Share

Bab 6. Skenario Absurd Andara

Risyad hanya ingin Shama membalas cintanya. Dia tidak peduli meski seberapa buruk kini perempuan itu memperlakukannya, yang terpenting adalah, Shama tahu dan sadar bahwa cinta Risyad hanyalah untuknya seorang.

Sebelum bertemu dengan Andara, tujuan awal Risyad mengunjungi Indonesia hanyalah sebatas perjalanan bisnis. Namun, usai pertemuan dengan beberapa rekan di sana, banyak teman yang mengusulkan pada Risyad untuk mencoba hal baru yang akan menentukan apakah Shama bisa menerimanya atau tidak.

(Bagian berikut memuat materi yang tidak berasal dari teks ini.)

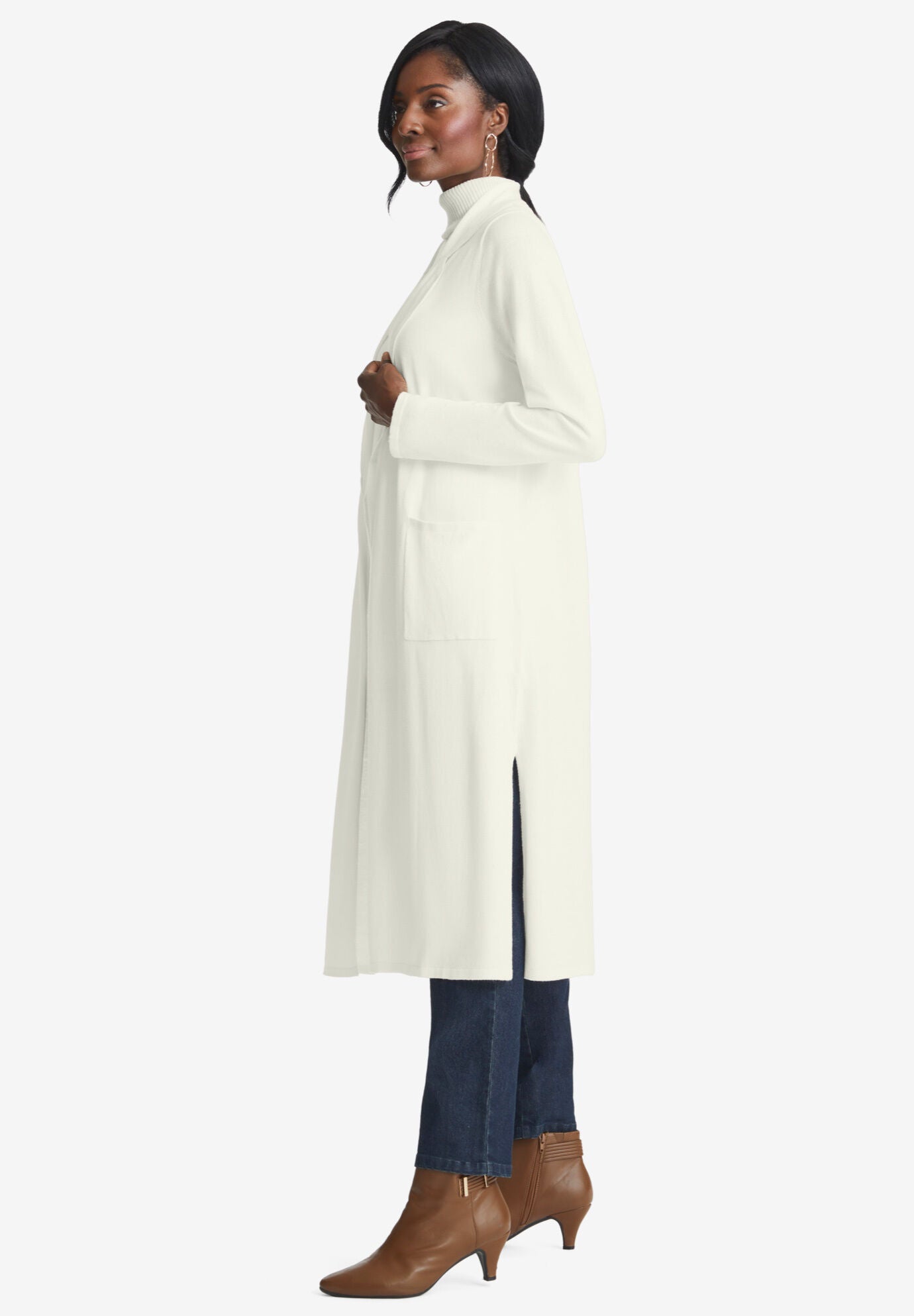 Cashmere Collared Duster, , alternate image number 2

Dan cara itu adalah, mencari gadis yang rela dijadikan kelinci percobaan. Perempuan yang kastanya lebih rendah dari Shama. Gunanya agar Shama bisa membuat dirinya seolah tidak terkalahkan dan mungkin akan berakhir menunjukkan pada Risyad kalau dirinyalah yang paling pantas menjadi nyonya Risyad Al Maktoum.

**

Andara terbangun dari alam bawah sadarnya. Tidurnya lelap tadi malam, hanya saja tidak terlalu nyaman. Sofa memang tidak terlalu dianjurkan untuk tempat mengistirahatkan tubuh. Badannya serasa dipukuli begitu bangun menyambut mentari.

Baru saja selesai membersihkan diri dari dalam kamar mandi, Andara mendadak tersihir ditempat tatkala pemandangan di depannya terlalu sempurna untuk dilewatkan. Ada potret Risyad yang tengah mengancing kemeja hitamnya satu-persatu, yang mana sempat memamerkan warna kulit dada pria itu.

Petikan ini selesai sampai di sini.